The output should hold exactly, and only, the lines from the line bearing "Boston Baseball Bandana" through the last line of the listing below, and no pictures.

Segment Start: MATERIALS PROVIDED

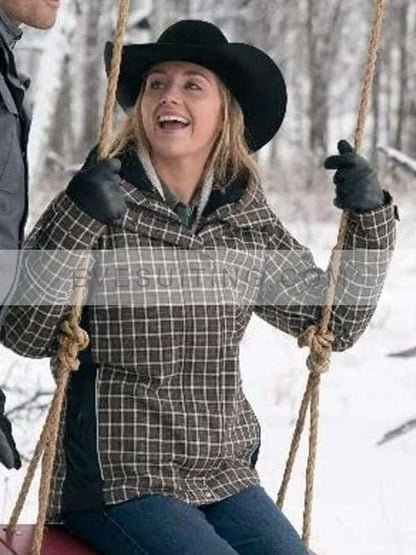 Heartland Amber Marshall Checkered Jacket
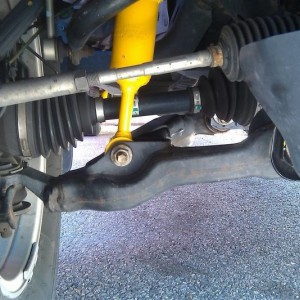 After - CV angle passenger side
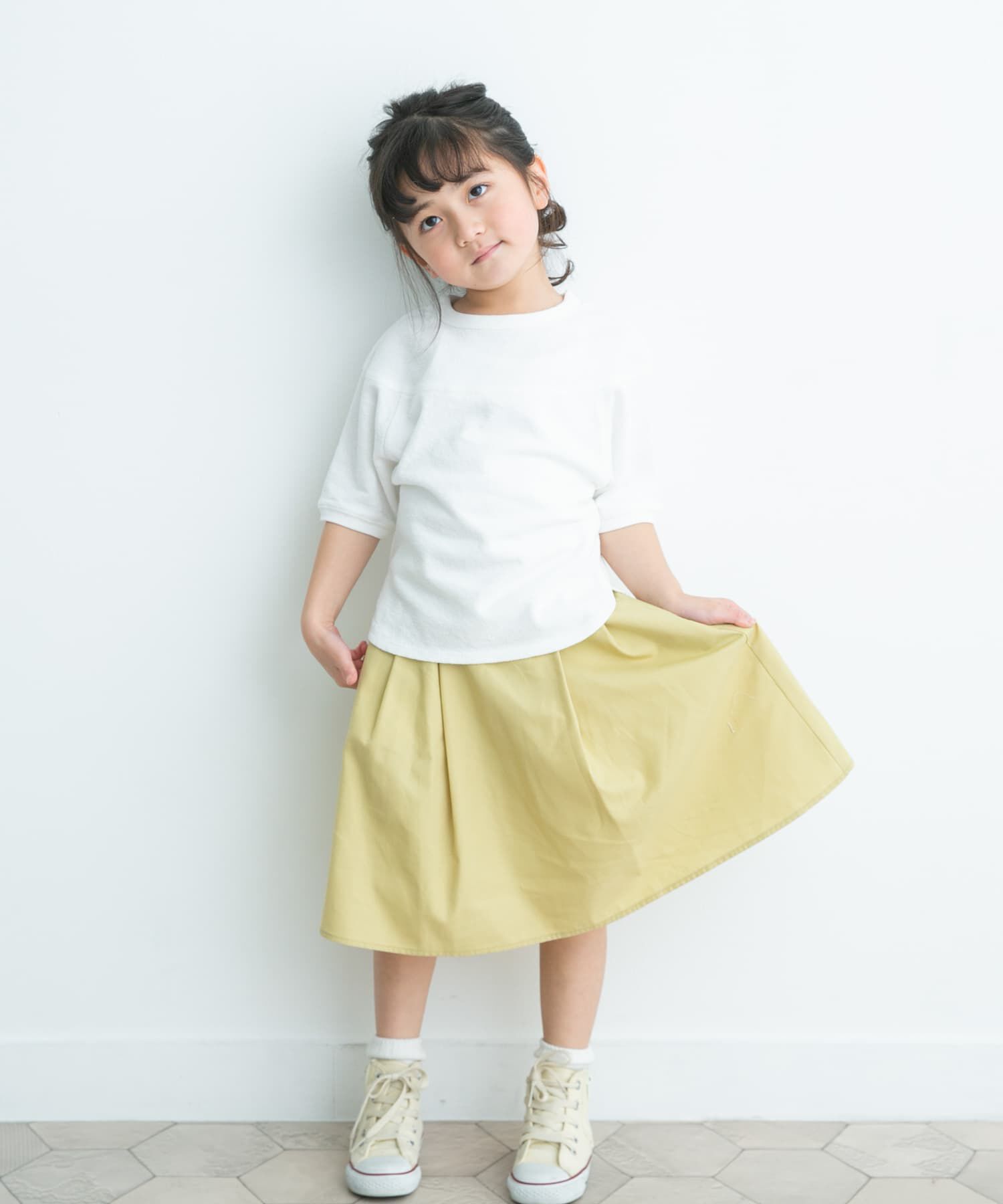 URBAN RESEARCH DOORS「『親子リンク』ウエストタックフレアスカート(KIDS)」|その他|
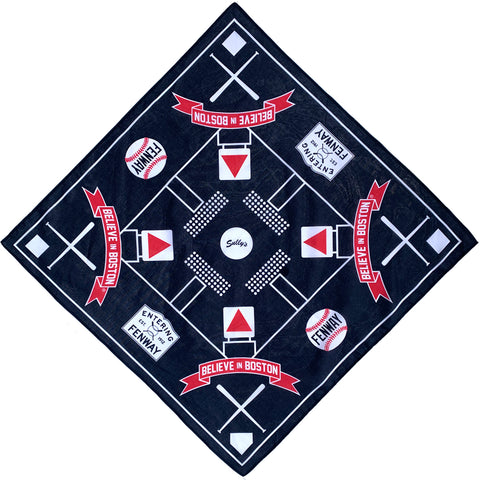 Boston Baseball Bandana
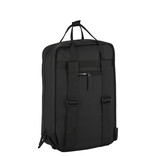 New Rebels New Rebels Bowie Cape Coral Black 14L Backpack Reflective Water Repellent Laptop 13"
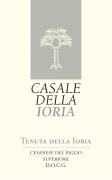 Casale della Ioria Tenuta della Ioria Cesanese del Piglio Superiore 2013 Front Label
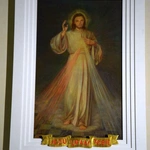 Poświęcenie figury Chrystusa upadającego pod krzyżem u radomskich bernardynów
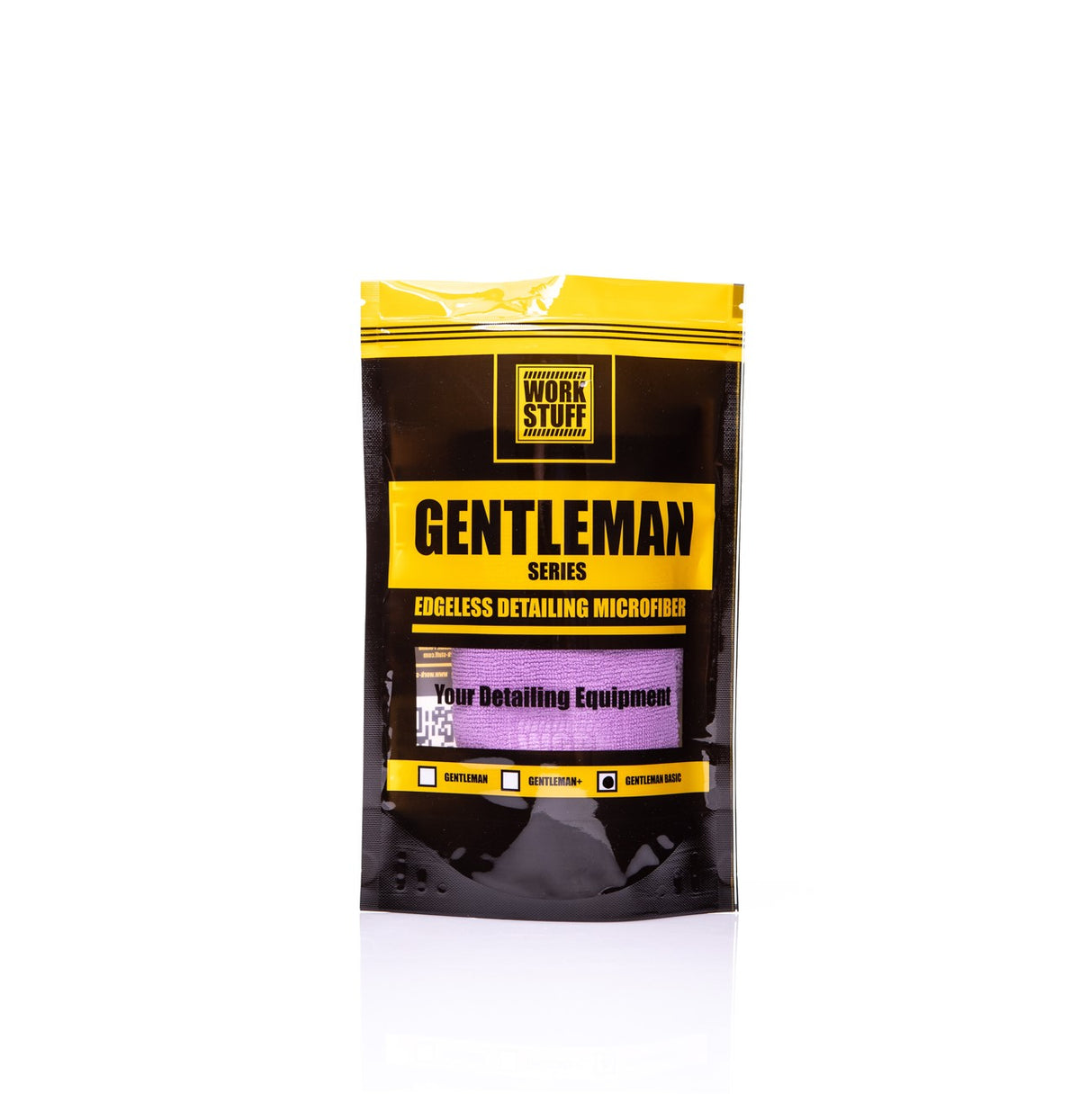 Work Stuff Gentleman Basic Lila 40x40 350gsm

Segment End: MATERIALS PROVIDED

ANSWER BOX:
 Boston Baseball Bandana
 New Rebels New Rebels Bowie Cape Coral Black 14L Backpack Reflective Water Repellent Laptop 13"
 Casale della Ioria Tenuta della Ioria Cesanese del Piglio Superiore 2013 Front Label
 Poświęcenie figury Chrystusa upadającego pod krzyżem u radomskich bernardynów
 Work Stuff Gentleman Basic Lila 40x40 350gsm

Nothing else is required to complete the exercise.